Istituto Lemkin per la Prevenzione di Genocidio
Intervista a SarahTanzilli

(Nostra traduzione italiana dall’inglese [QUI])

Qualche settimana fa, la responsabile del programma dell’Istituto Lemkin, Léa Périllat, ha avuto l’opportunità di incontrare Sarah Tanzilli, membro dell’Assemblea nazionale francese.

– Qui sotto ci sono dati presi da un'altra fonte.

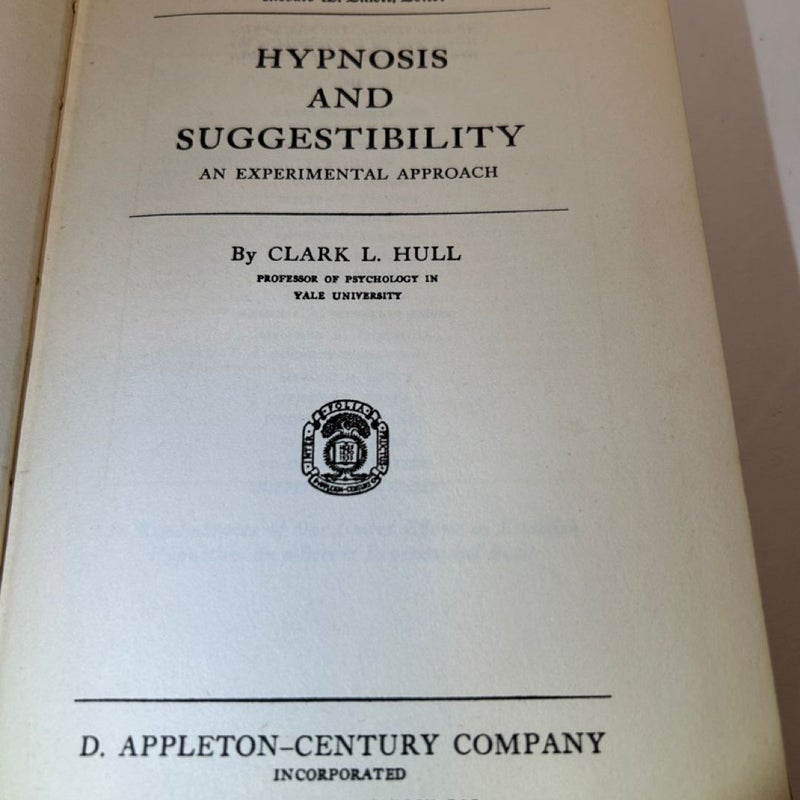 Hypnosis and Suggestibility : An Experimental Approach 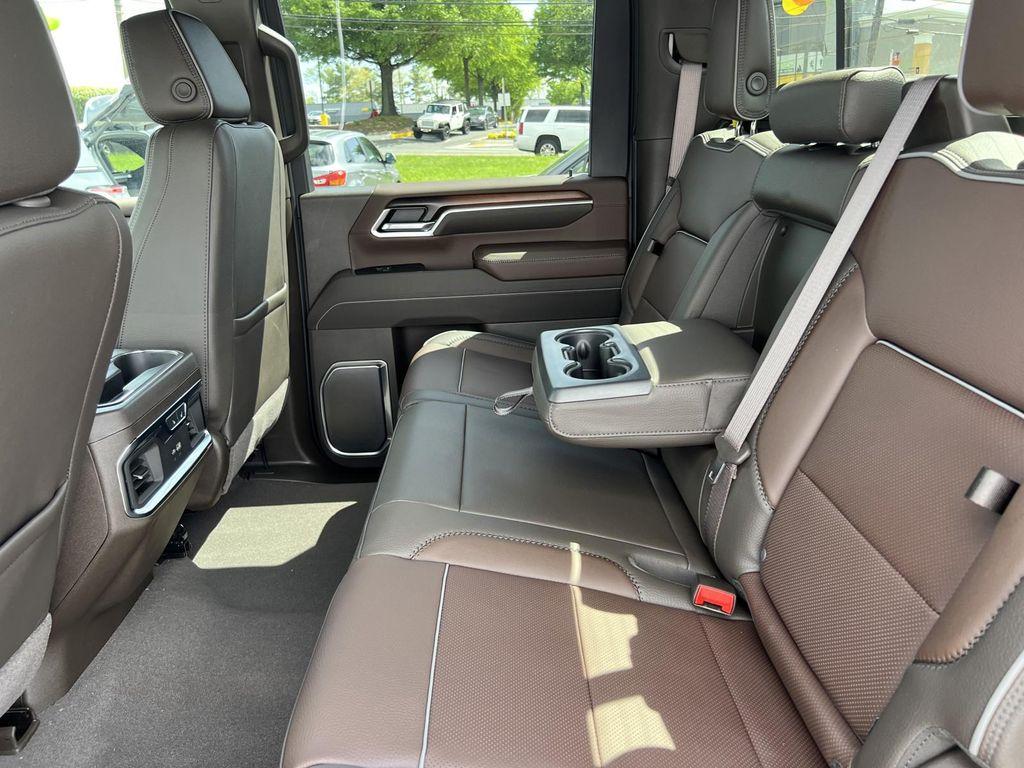 new 2025 GMC Sierra 2500 car, priced at $79,877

Tanzilli è profondamente impegnata con il popolo dell’Armenia e dell’Artsakh, avendo lei stessa radici armene. Difende nel Parlamento francese gli interessi del popolo armeno e si batte per garantire la sua sicurezza di fronte alle crescenti minacce esistenziali dei suoi vicini Azerbajgian e Turchia. In particolare, ha presentato lo scorso ottobre una risoluzione “per chiedere la fine dell’aggressione dell’Azerbajgian contro l’Armenia e per stabilire una pace duratura nel Caucaso meridionale”.

Durante questa intervista, Tanzilli ha discusso del blocco in corso nell’Artsakh, della questione della distruzione del patrimonio culturale armeno, della logica dei blocchi politici o del ruolo della Francia nella prevenzione di un nuovo genocidio alle porte del continente europeo.

Come un razzo composto da più fasi, Tanzilli vede la politica dello Stato azero nei confronti del popolo armeno come un accumulo di politiche e sviluppi che culmineranno nell’eliminazione e nella totale scomparsa della popolazione.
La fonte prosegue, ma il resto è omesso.